Dr. Felix Oswald, born 1866, specialised initially in botany, zoology and geography. His interest in samian was formed at a young age, one of the sherds in his collection being labelled in his handwriting as “Barge Yard, purchased 1880”. By profession a District Probate Registrar, Oswald’s amateur interest in archaeology continued into adult life in the form of archaeological excavations at Margidunum, Nottingham, and finally to the research and publication in 1920 of An Introduction to the Study of Terra Sigillata. His two other major works on samian ware, the Index of Potters’ Stamps on Terra Sigillata and Index of Figure Types on Terra Sigillata appeared in 1931 and 1937 respectively.

Oswald appears to have had a particular interest in samian from London. 273 sherds excavated in London but provenanced to both Central and Southern Gaul formed the nucleus of his collection and all were annotated in great detail. Oswald acquired his section of the Plicque Collection sometime between 1931 and 1936 from the widowed Mme. Plicque. This forms the largest section of Oswald’s collection and contains Central Gaulish samian, either from the site of Les Martres de Veyre on the Allier, or from Dr. Alfred-Edward Plicque’s excavations at Lezoux, a few miles further north (undertaken between 1879 and 1894).

Oswald’s original allegiance was not to Durham but to Nottingham University, where he had worked on the material from Margidunum. He had already given a section of the Oswald-Plicque Collection, namely the plain ware, the stamps and the complete bowls (some of which were decorated) to Nottingham University by the time the rest of the collection was offered to Eric Birley.

Other Plicque material had already been dispersed after the death of Dr. Plicque around 1901: the main body of the collection is housed in the Musée d’Antiquités Nationales, St. Germain-en-Laye, Paris. Other collections of Plicque material are known at Montpellier, Leiden and Clermont Ferrand.

The Research Resource

The Oswald-Plicque Collection in Durham comprises nearly 5000 sherds of figured samian, 90% of which is Central Gaulish and 10% of which is South Gaulish material. Dr. Oswald identified 99 potters’ styles and the collection has examples of many more, ranging in date from the first century material of Lezoux and South Gaul to the latest products of Lezoux. In addition to the samian itself, the collection includes 4646 samian drawings by Dr. Oswald.


Collection of Roman Inscriptions


A collection of over fifty inscribed and sculptured Roman stones is on long term loan to the museum from the Dean and Chapter of Durham Cathedral. The collection is remarkably comprehensive and forms the earliest group in public ownership in the North of England. It has exhibits from the main forts in (pre-1974) County Durham and in Northumberland from Corbridge and High Rochester along the line of Dere Street, the Roman Great North Road. It also contains one or more inscriptions from nearly every fort along the line of Hadrian's Wall in Northumberland.

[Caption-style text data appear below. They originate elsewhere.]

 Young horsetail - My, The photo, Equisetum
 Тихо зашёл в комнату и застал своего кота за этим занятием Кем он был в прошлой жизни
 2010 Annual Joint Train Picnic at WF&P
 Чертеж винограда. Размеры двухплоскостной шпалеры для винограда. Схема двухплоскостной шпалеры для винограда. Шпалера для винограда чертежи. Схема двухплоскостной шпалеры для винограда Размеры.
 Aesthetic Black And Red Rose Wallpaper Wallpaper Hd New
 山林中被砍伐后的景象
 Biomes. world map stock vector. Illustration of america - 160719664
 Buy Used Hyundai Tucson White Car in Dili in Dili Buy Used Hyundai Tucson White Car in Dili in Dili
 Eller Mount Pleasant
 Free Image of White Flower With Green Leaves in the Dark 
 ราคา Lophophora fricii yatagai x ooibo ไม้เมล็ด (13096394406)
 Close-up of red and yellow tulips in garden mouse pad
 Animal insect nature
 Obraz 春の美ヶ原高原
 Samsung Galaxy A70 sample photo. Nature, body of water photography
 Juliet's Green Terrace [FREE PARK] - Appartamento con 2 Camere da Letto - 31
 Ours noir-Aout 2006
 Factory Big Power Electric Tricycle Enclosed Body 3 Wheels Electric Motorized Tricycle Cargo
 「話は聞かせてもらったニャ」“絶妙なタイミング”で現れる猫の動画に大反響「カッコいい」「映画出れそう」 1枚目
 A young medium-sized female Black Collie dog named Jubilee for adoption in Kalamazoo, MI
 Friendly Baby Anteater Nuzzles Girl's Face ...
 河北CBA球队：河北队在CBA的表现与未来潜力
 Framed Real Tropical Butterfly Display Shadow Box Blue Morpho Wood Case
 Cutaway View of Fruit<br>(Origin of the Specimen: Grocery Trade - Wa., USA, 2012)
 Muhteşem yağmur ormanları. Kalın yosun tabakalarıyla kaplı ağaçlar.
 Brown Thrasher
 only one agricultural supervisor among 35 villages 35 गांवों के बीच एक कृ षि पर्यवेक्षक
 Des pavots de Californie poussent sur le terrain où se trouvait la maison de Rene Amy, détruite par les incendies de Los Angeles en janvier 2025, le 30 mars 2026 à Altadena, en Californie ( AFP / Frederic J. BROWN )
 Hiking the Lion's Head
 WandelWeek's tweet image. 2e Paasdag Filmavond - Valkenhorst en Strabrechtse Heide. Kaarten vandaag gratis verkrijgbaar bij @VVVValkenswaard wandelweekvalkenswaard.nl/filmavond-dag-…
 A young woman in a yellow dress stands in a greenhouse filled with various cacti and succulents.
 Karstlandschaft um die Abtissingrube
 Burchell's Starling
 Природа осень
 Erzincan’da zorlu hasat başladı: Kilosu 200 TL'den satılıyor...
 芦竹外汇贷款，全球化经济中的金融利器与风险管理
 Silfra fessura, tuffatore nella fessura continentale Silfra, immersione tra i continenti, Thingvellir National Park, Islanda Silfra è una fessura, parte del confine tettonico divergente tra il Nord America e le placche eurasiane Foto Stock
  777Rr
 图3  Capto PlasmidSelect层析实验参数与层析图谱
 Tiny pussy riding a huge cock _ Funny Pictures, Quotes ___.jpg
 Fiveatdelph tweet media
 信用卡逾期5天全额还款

The greater part of the collection had been assembled by the 1750's. In 1754, William Stukely, in writing to the Princess of Wales, says that in the Chapter Library at Durham 'there is a very fine collection of Roman antiquitys, which I coppyed in the year 1725. I observe that they are very elegantly cut, both as to letters and sculpture of figures....'.

The collection comprises dedications to deities, Imperial and official inscriptions, one milestone and a tombstone. The collection is of national and international significance for all scholars researching the Western Roman Empire.

This collection is augmented by other significant Roman material from the excavations of Professor Eric Birley and from the Roman fort of Vinovia (Binchester), County Durham.